Cette croyance se fonde sur une évidence plutôt dérivative qu’intuitive, mais elle n’en est pas moins naturelle. Elle réclame sans aucun doute le concours de toutes nos facultés ; elle résulte d’un travail de l’esprit, qui s’est élevé à la conception de certains principes métaphysiques et qui en fait emploi sous la loi rigoureuse de la méthode inductive. Rien n’est donc plus hasardé que d’admettre une opposition absolue entre la foi et la raison, et généralement on doit se garder de supposer, comme plus d’un théologien et plus d’un philosophe, nos facultés en lutte les unes avec les autres ; notre esprit est un tout harmonieux, ou du moins un instrument compliqué, mais susceptible d’être mis d’accord, et la réflexion, la méthode, la philosophie, la science en général a pour objet et pour tâche de ramener à une concordance absolue le jeu des diverses parties de notre organisme intellectuel et moral. La théodicée en particulier ne peut donc être exclusivement ni intuitive ni rationnelle, ni empirique ni spéculative. Dans un dernier chapitre très intéressant, M. M’Cosh s’attache à énumérer et à évaluer tous les élémens dont elle se compose. Il va même jusqu’à tirer de son analyse les preuves principales de la théologie révélée. Sa démonstration serait plus forte, si, plus en défiance de son imagination, il n’avait pas abusé du style métaphorique et prodigué les images et les comparaisons ; mais, telle qu’elle est, elle abonde en remarques justes ou ingénieuses, et nous ne pouvons que savoir gré à l’auteur d’avoir déclaré que, forcé de choisir entre les diverses méthodes théologiques au lieu de les compléter et de les rectifier les unes par les autres, il préférerait encore, bien qu’en le trouvant insuffisant, le rationalisme religieux. C’est conclure en philosophe.

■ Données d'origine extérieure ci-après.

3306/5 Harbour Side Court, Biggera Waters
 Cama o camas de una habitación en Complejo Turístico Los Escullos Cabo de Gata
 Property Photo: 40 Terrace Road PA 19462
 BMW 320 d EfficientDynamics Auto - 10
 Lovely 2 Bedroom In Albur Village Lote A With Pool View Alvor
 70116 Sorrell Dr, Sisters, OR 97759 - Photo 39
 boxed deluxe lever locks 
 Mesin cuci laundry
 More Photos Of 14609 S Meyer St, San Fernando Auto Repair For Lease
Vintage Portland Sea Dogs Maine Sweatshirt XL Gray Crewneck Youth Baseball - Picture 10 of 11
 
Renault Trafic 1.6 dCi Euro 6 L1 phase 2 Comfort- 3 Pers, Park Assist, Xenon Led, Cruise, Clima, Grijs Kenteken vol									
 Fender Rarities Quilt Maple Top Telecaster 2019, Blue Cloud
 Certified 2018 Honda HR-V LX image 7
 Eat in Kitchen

Cette esquisse assurément trop légère des vues métaphysiques de deux écrivains peu connus parmi nous suffit pour indiquer combien chez nos voisins les questions générales de philosophie religieuse continuent d’être étudiées avec suite et avec liberté, et combien nous aurions à gagner de nous tenir au courant des recherches et des controverses qui se reproduisent incessamment chez eux touchant ce grave sujet. On grand nombre d’autres ouvrages pourrait être cité. Aucun sans doute n’est capital et décisif ; aucun n’est indigne d’attention. Tous attestent, même dans l’église établie, un besoin et une puissance d’examen qui dénotent à la fois des esprits hardis et contenus, deux qualités assez rarement unies parmi nous.